(Required action)
Return, exactly and with nothing added, the line with "Playstation 1 Spiel" together with all lines after it through the end of the data below. No pictures belong in the copy.

(Given information)
⁂
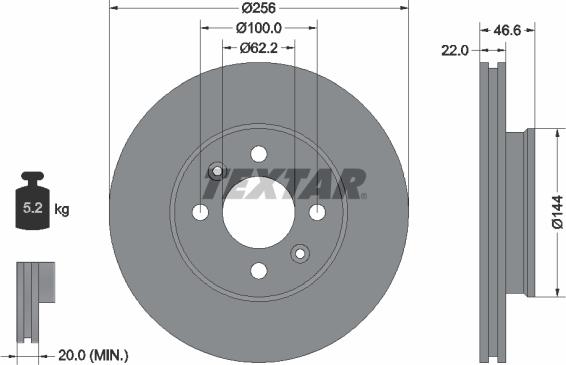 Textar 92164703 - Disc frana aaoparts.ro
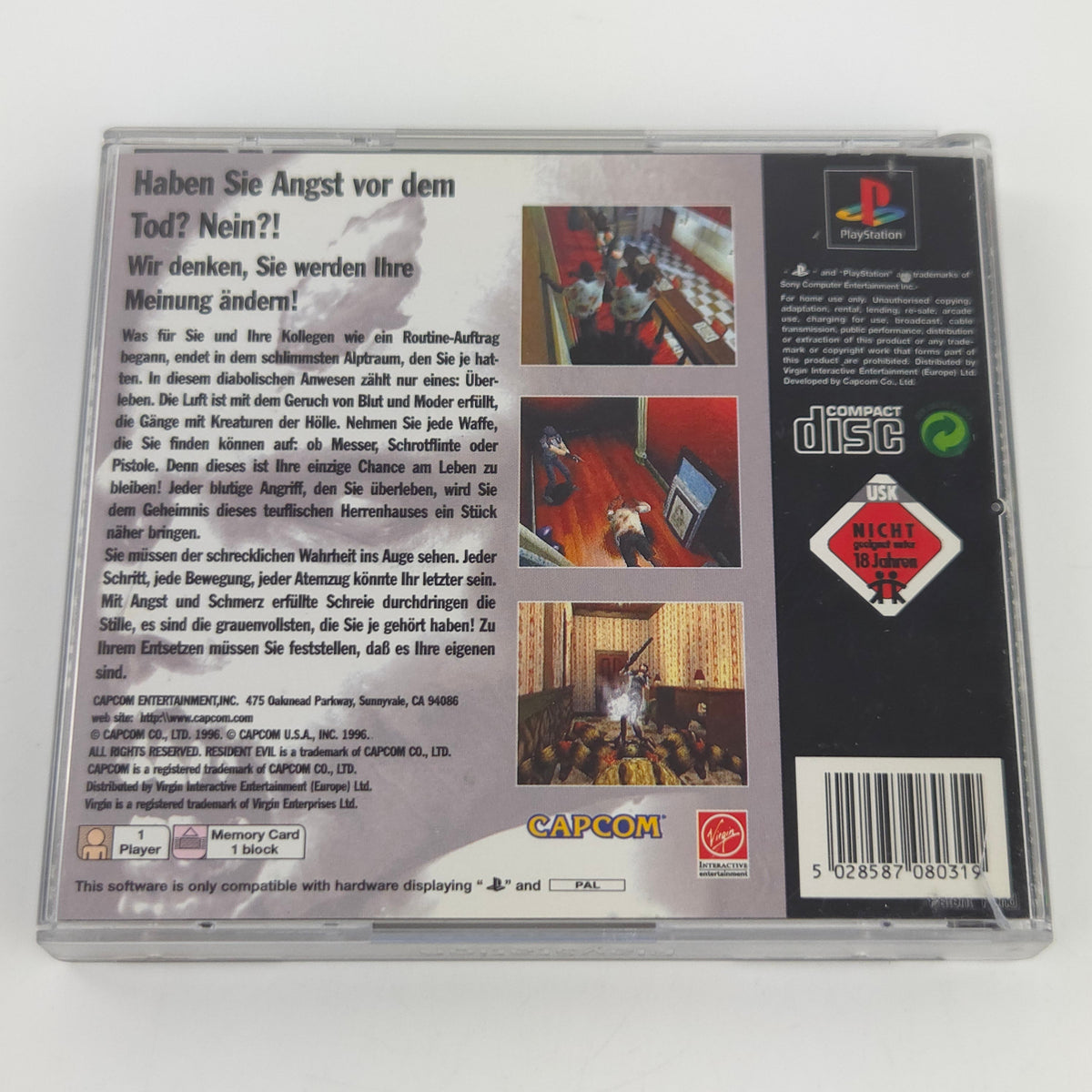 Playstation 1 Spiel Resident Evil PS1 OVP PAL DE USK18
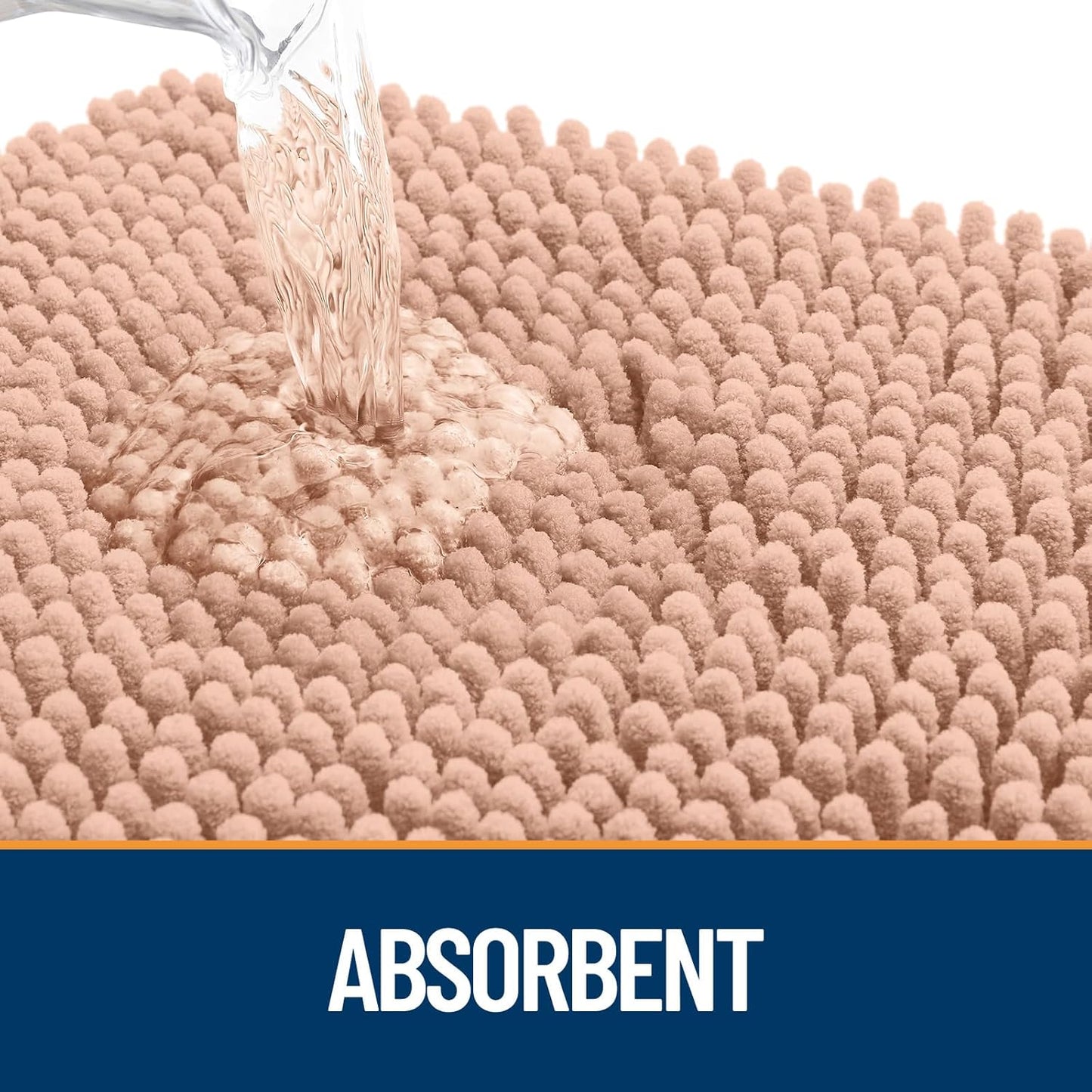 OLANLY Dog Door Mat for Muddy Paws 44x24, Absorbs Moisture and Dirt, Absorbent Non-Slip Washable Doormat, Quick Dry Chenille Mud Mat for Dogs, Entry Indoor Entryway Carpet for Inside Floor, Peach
⁂
(Output below)
 Playstation 1 Spiel Resident Evil PS1 OVP PAL DE USK18
 OLANLY Dog Door Mat for Muddy Paws 44x24, Absorbs Moisture and Dirt, Absorbent Non-Slip Washable Doormat, Quick Dry Chenille Mud Mat for Dogs, Entry Indoor Entryway Carpet for Inside Floor, Peach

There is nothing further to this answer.